4. Count the Positive Effects. The more positive effects a project will have if you finish it, the more motivated you’ll be to achieve it, which makes it more likely that you’ll see it through to the end. Do the following:
- Make a list of all of the positive effects that the project will have on your life if you finish it.
- Make a list of all of the positive effects that the project will have on your family if you finish it.
- Make a list of all of the positive effects that the project will have on your community if you finish it.
- Make a list of all of the positive effects that the project will have on the world at large if you finish it.
If the list of benefits that you come up with is short, consider doing one of two things. Either discard the project, or look for ways to modify it so that the project becomes more valuable and has a greater number of benefits attached to its completion.
5. Get Clear On What Needs to Be Done. In my post “How to Change Your Life” I explained that–as the Heath brothers indicate in their book Switch: How to Change Things When Change Is Hard–in order to get yourself to take action on your goals you need to know what to do. After all, if you don’t know what to do, how are you going to do it? Do the following:
- Join a class.
- Buy the best three books on Amazon on your subject matter.
- Find someone who has achieved the goal you’re working on and pick their brain.
Once you’ve gathered some information on how to achieve your goal, brainstorm possible action steps. Then, start taking those steps.
6. Create A Sense of Urgency. When there’s something urgent that you need to get done, you just do it. Look at the following:
- If your boss is expecting the sales report by 5:00 p.m., you get it to him by that time, even if it means working through your lunch hour.
- If your college professor announces that the report that’s worth half of your grade is due on the 30th of the month, you hand it in to her by that date, even if you have to pull an all-nighter.
Create a sense of urgency when it comes to your goals by setting deadlines and making those deadlines non-negotiable. A great way to make sure that you comply with your self-imposed deadlines is by rewarding yourself if you reach them, and by setting up a punishment for yourself if you don’t.
7. Use the Power of External Pressure. Some people have an inner drill sergeant that pushes them mercilessly until they achieve every goal that they set for themselves. Those are the people who are out jogging at 5:00 a.m., who study at the library until it closes, and who haven’t eaten anything with wheat in it in the past ten years. (I both admire and hate these people.)

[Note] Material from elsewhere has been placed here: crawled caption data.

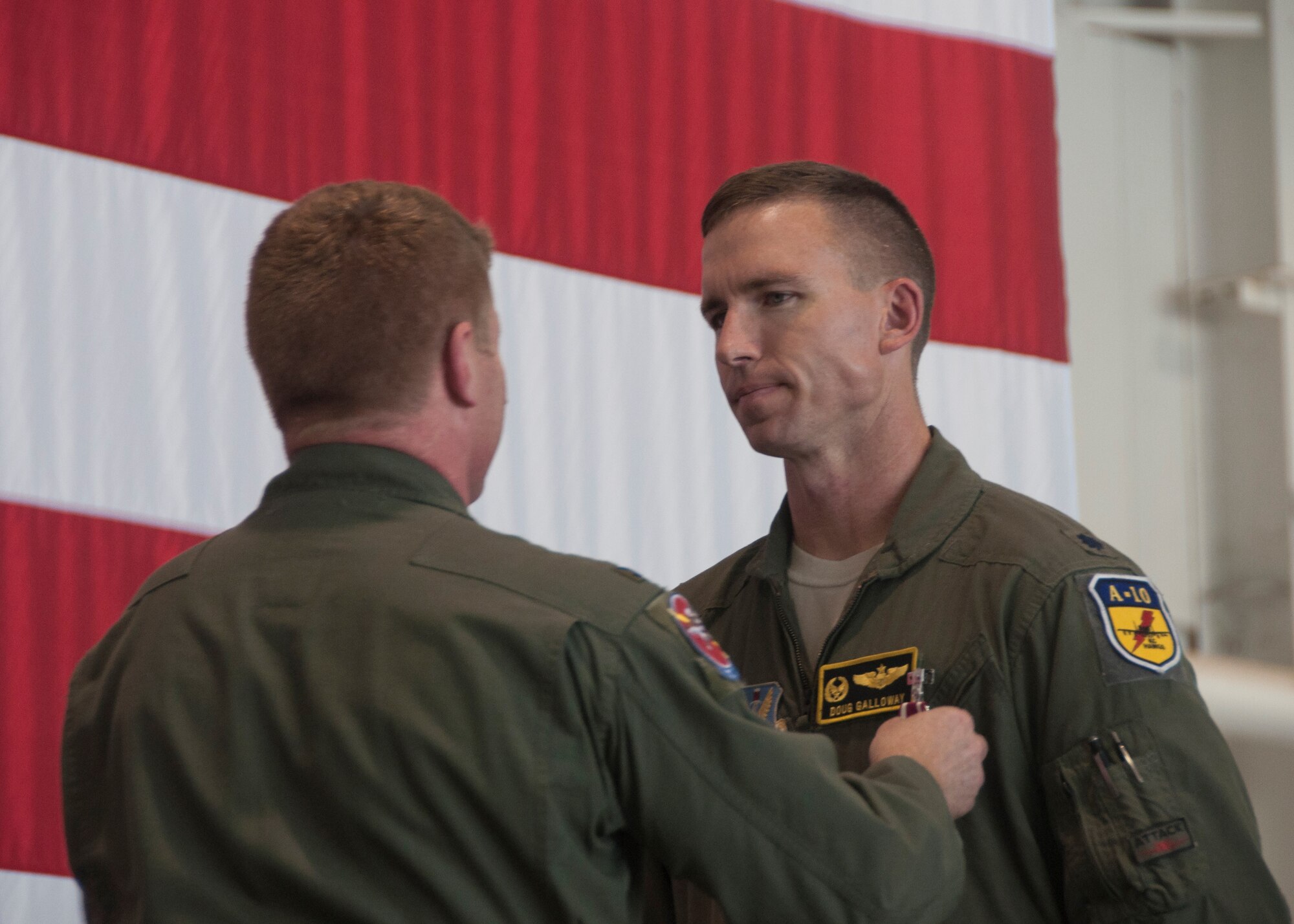 Lt. Col. John Galloway Jr., 358th Fighter Squadron outgoing commander, receives the Meritorious Service Medal during the change of command ceremony in the A-10 hangar at Whiteman Air Force Base, June 21, 2016. Galloway aided the 358 FS Airmen in providing a total force combat ready fighter squadron of A-10C aircraft and personnel. (U.S. Air Force photo by Senior Airman Missy Sterling/Released) 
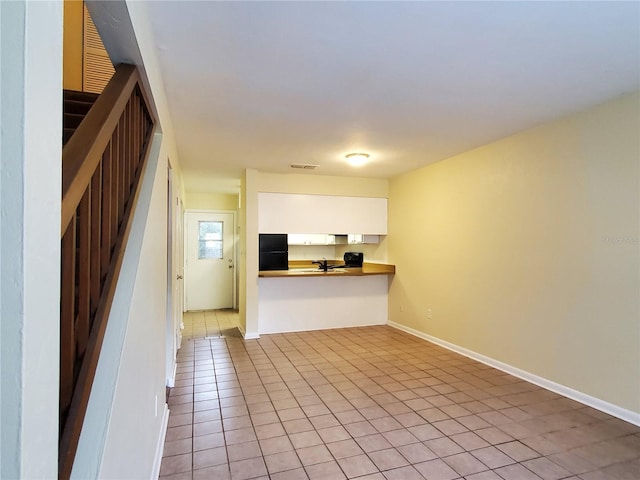 2207 SW 39th Dr, Gainesville, FL 32607 - unfurnished living room with light tile patterned flooring and baseboards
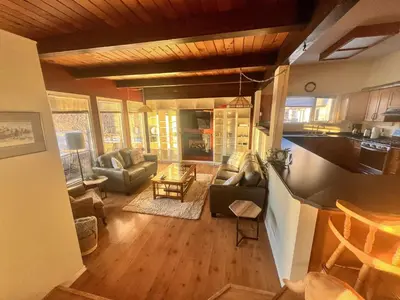 a living room with a couch and a table at Whitehorse Home on the River in Whitehorse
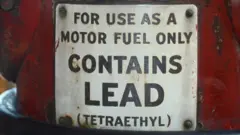 Vintage petrol pump in Nashville, Tennessee, with a sign saying that the petrol contains lead
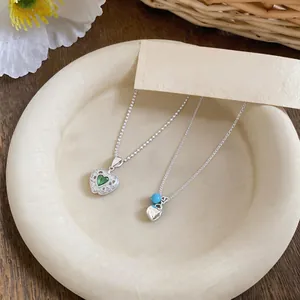 Close-up of minimalist silver necklaces with heart pendant and green zircon gemstone detail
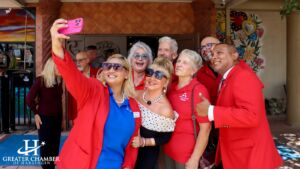 People talking and posing for a group photo at one of the community business events in Harlingen TX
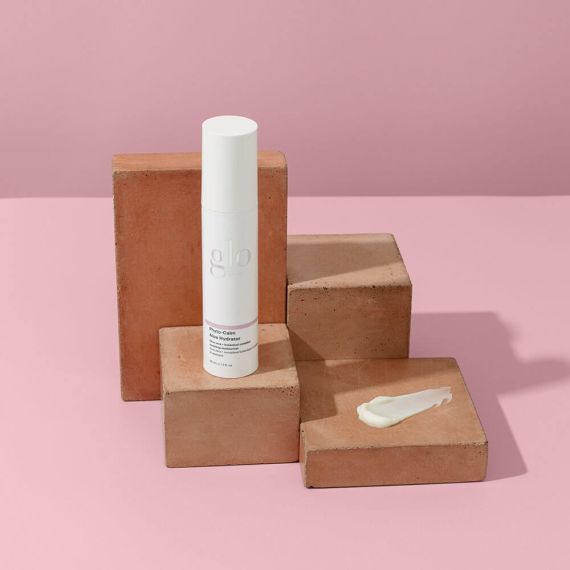 Phyto-Calm Aloe Hydrator moisturizer bottle and cream on terracotta blocks with a pink background.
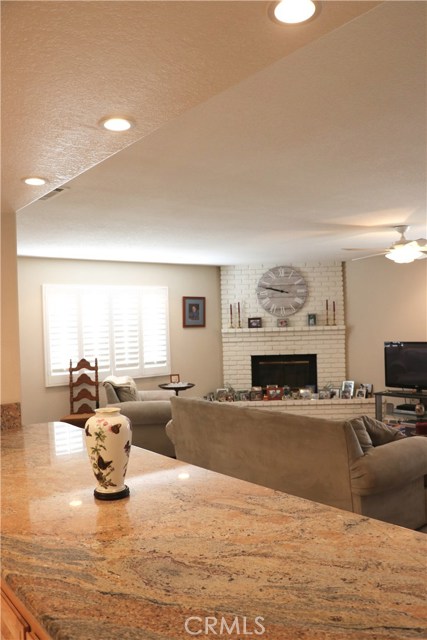 Kitchen open to living area with bar seating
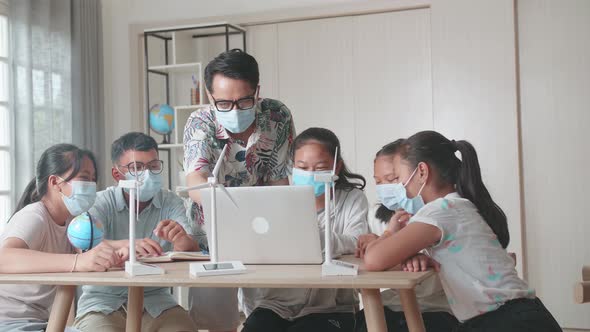 Enthusiastic Asian Teacher Explains To Young Children How Wind Turbines Work. Renewable Energy alt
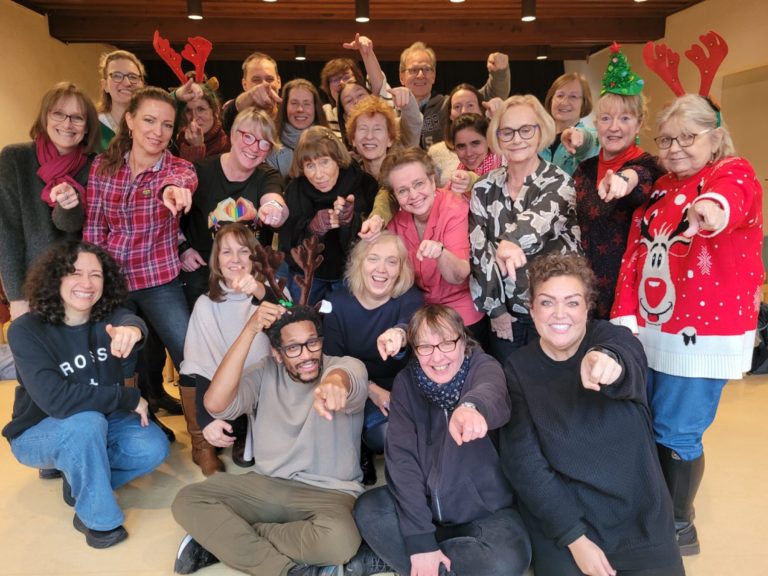 Ein Gruppenfoto der Chormitglieder. Alle zeigen auf auf den Leser/die Leserin und wünschen Frohe Weihnachten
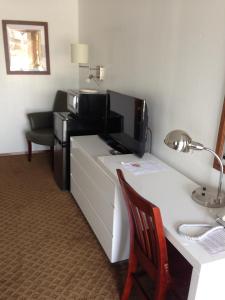 a hotel room with a desk with a computer on it at Dutch Cup Motel in Sultan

For those who were born sans inner drill sergeant, all is not lost. You can always use the power of external pressure to compensate for your lack of inner pressure. Ask yourself the following: How can I make others hold me accountable for the achievement of my goals? Here are some ideas:
- Get an accountability partner
- Hire a life coach
- Create a Mastermind Group
Accountability–or external pressure–is one of the key elements of following through on your goals and objectives.
8. Set Aside One-Hour-A-Day to Work On Your Goals. A lot of people cite a lack of time as the reason for their failure to follow through on their goals. However, there’s a way to get over this excuse. Set aside one-hour-a-day to work on your most important goal, every day.

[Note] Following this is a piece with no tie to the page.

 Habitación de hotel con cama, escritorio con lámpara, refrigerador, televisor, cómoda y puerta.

By working on your goal for an hour each day you’ll be taking advantage of the compound effect. If you keep at it, little by little, you’ll achieve your goal, however big, hairy, and audacious it may be.
How many times have you said the following to yourself: “I get started, but I don’t follow through”? If this sounds like you, use the eight tips and techniques explained above to create the habit of following through on your goals, and to make sure that you finish what you start.
Live your best life by following through on your goals.